About this task:
Exactly retype the opening line of the entries and every line after it, ending with the line that contains "Thousands of Brazilians". Skip all pictures.

Short text fragments from websites

++++++

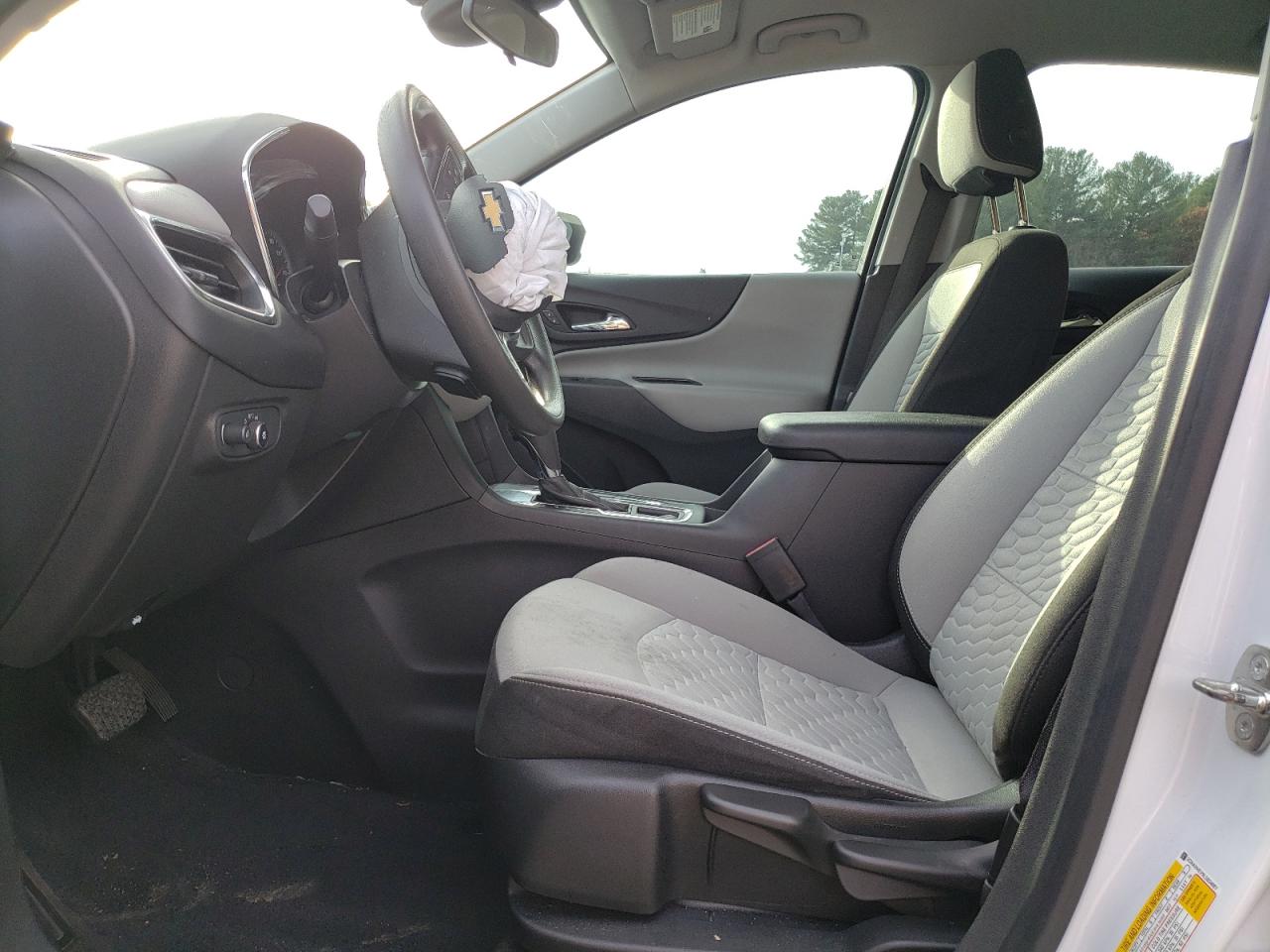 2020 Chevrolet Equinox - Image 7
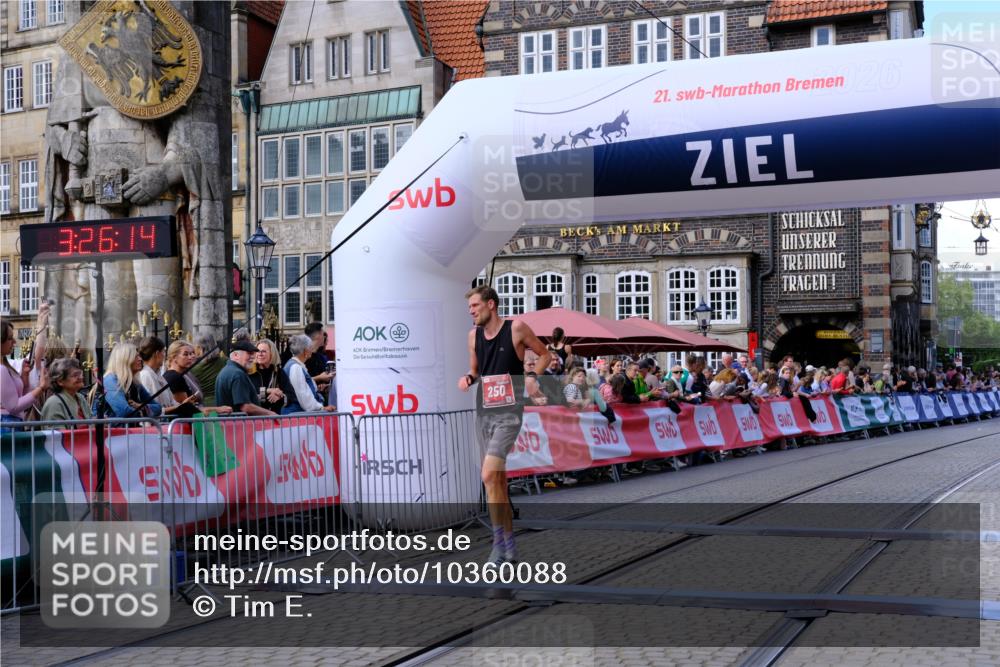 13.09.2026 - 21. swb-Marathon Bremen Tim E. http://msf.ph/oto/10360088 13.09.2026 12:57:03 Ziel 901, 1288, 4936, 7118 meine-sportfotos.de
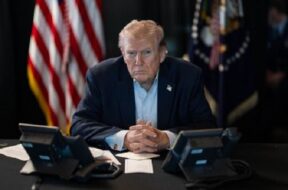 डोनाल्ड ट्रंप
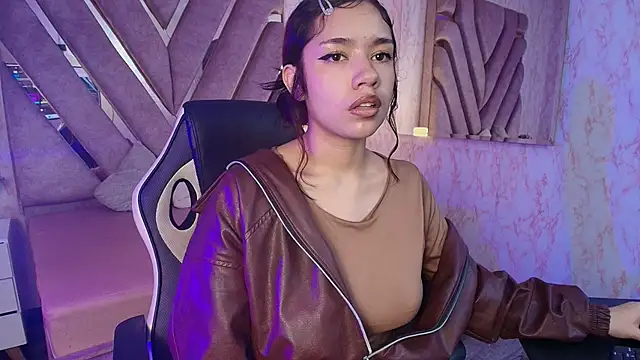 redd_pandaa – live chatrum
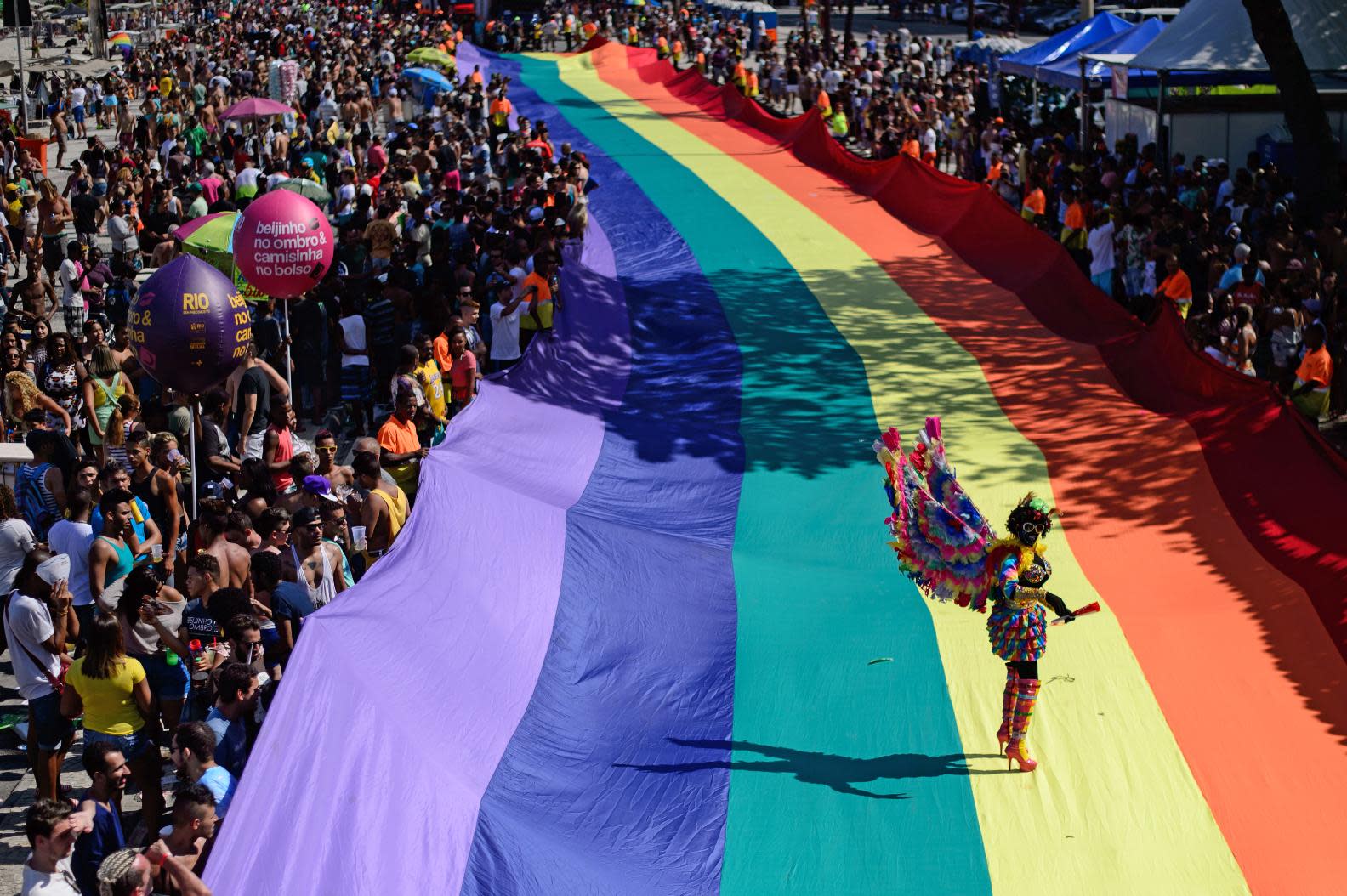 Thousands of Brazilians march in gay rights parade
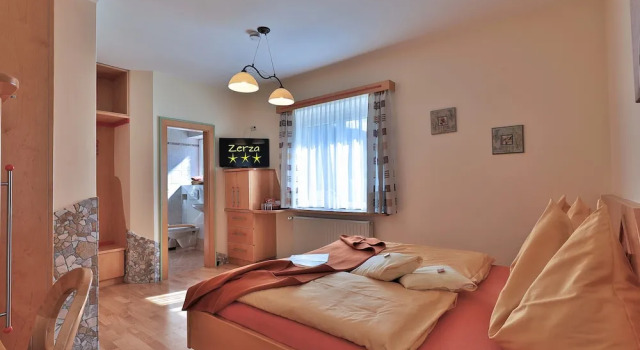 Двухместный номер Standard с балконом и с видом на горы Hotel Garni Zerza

++++++

Reply:
 2020 Chevrolet Equinox - Image 7
 13.09.2026 - 21. swb-Marathon Bremen Tim E. http://msf.ph/oto/10360088 13.09.2026 12:57:03 Ziel 901, 1288, 4936, 7118 meine-sportfotos.de
 डोनाल्ड ट्रंप
 redd_pandaa – live chatrum
 Thousands of Brazilians march in gay rights parade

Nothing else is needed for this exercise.